Acara tersebut merupakan dialog dengan menghadirkan pembicara Direktur Jenderal Otonomi Daerah Kementerian Dalam Negeri (kemendagri) Soni Sumarno, Dirjen Aplikasi Informatika (Kominfo) Samuel Abrijani Pangerapan, Dekan Fakultas Ilmu sosial dan Politik UGM Erwan Agus, dan Asisten Deputi Kelembagaan dan Tata Laksana Kementerian PANRB Imam Machdi.

Dengan moderator Ira Koesno, Soni menyampaikan program smart city ini untuk daerah sering mengalami keraguan dan dan ketidak pastian mengenai program tersebut karena tidak adanya regulasi.

"Selama ini daerah sering mengalami keraguan dan ketidakpastian mengenai program smart city secara efektif dan efisien dan di saat yang bersamaan tetap membuka seluas-luasnya untuk inovasi," ungkap Soni.

Program Smart city ini bertujuan untuk memudahkan layanan masyarakat melalui sistem yang terkoneksi. Saat ini permasalahan perkotaan sudah sangat kompleks sehingga pembangunan, pengembangan dan pengelolaan kota secara cerdas dan teknologi informasi menjadi solusi.

Menurut Samuel Abrijani Pangerapan, setiap daerah mempunyai permasalahannya sendiri dengan hadirnya program smart city ini suatu sistem yang memberikan pelayanan yang baik kepada masyarakat. Selain itu, tiap daerah bisa memulai dari yang mana yang dia ingin dahulukan.

"Smart city ini satu sistem pelayanan memberikan layanan yang baik kepada masyarakat dan itu itu tiap-tiap daerah bisa memulai dari yang mana yang dia ingin dahulukan seperti layanan perijinan, layanan transportasi, atau layanan pengelola sampah. Jadi smart city ini adalah gerakan/layanan untuk peningkatan pelayanan daerah," kata Samuel.

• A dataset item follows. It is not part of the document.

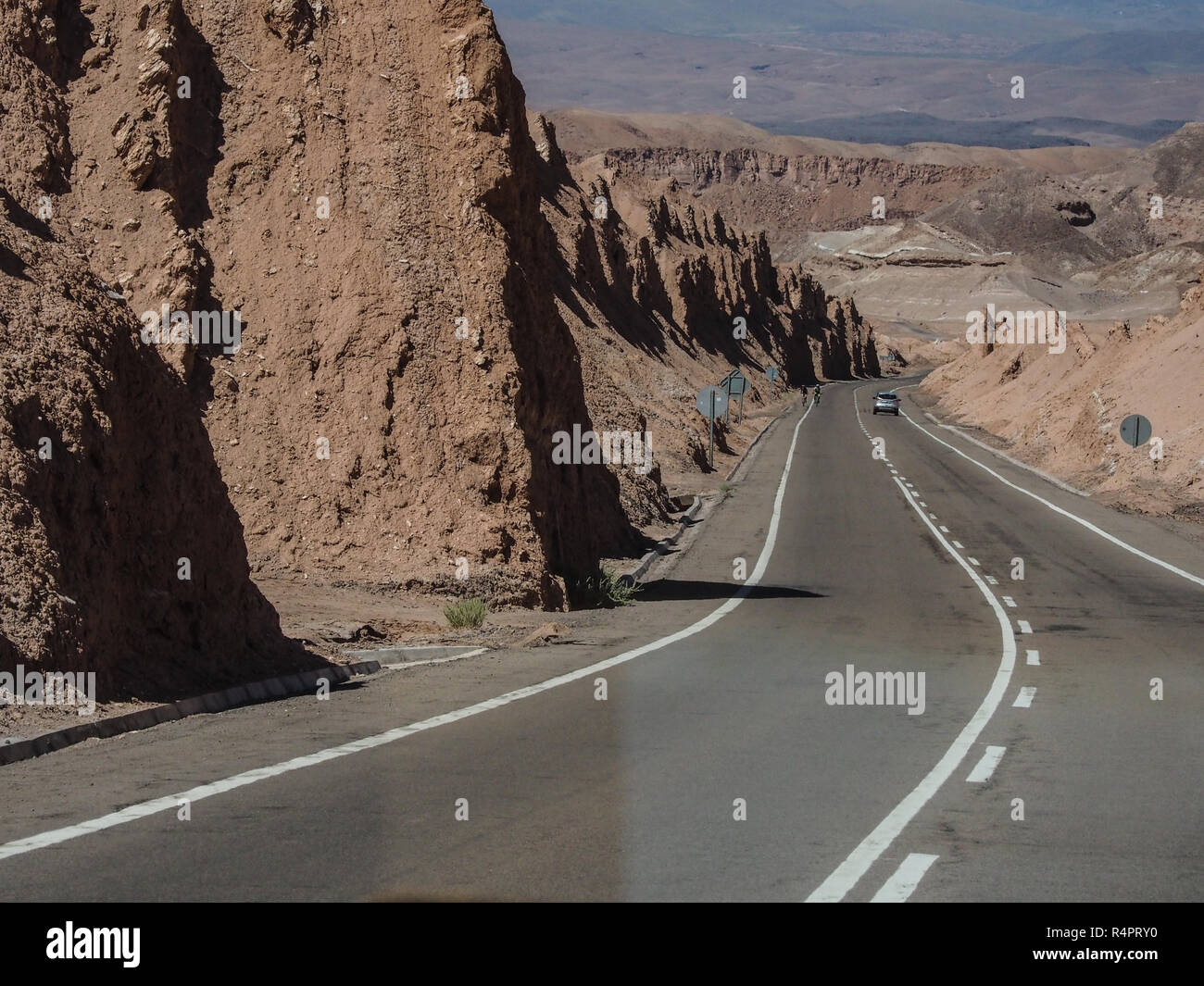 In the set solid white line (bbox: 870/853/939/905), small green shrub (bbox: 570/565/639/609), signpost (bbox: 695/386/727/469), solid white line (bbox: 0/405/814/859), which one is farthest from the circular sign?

Selain itu program smart city ini akan diatur dalam Peraturan Presiden (perpres). Dalam Perpres akan selain smart city juga e-Goverment yang layanan tersebut menjadi dasar untuk Perpres.

Dalam pembuatan regulasi smart city ini Kemendagri masih menggunakan tim inti. Selain itu dana yang akan digunakan menurut Soni ada tiga yaitu pemerintah, swasta, dan masyarakat.